‘Although it has been very challenging to achieve consensus from across all parties involved in zero carbon homes, we always believed that the Task Group would come up with realistic but stretching targets that will drive both quality and quantity of new homes. I am therefore delighted that these recommendations set a basis for the Minister to come to the right decision and I’m sure that our industry will rise to the challenge he sets.”
The zero carbon definition has three parts. The first, the Fabric Energy Efficiency Standard (FEES), has already been set. This ensures that homes will have a high level of energy efficiency through good levels of insulation in walls, floors and roofs along with high performance windows and low air leakage. The second part, the carbon compliance standard sets targets for the amount of carbon emitted from the heating, hot water and lighting in the home. Even with near passive house standards of fabric, which is tougher than the FEES, some in-house generation of electricity will be needed except in the cases of biomass fuelled homes. For homes with the basic FEES there will be an increased need for photo voltaics or other renewable energy generation.

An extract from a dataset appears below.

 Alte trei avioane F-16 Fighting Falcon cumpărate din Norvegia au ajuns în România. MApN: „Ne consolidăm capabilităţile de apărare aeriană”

The Hub still needs to finalise the third part of the zero carbon definition, Allowable Solutions. These are a range of measures which will have to demonstrate that they are saving the remaining carbon emitted by the new zero carbon house. At this stage the range of Allowable Solutions has not been determined but it is likely that it will include local Community Energy Funds as well as options to do more on the dwelling through increased micro generation or energy efficiency for example.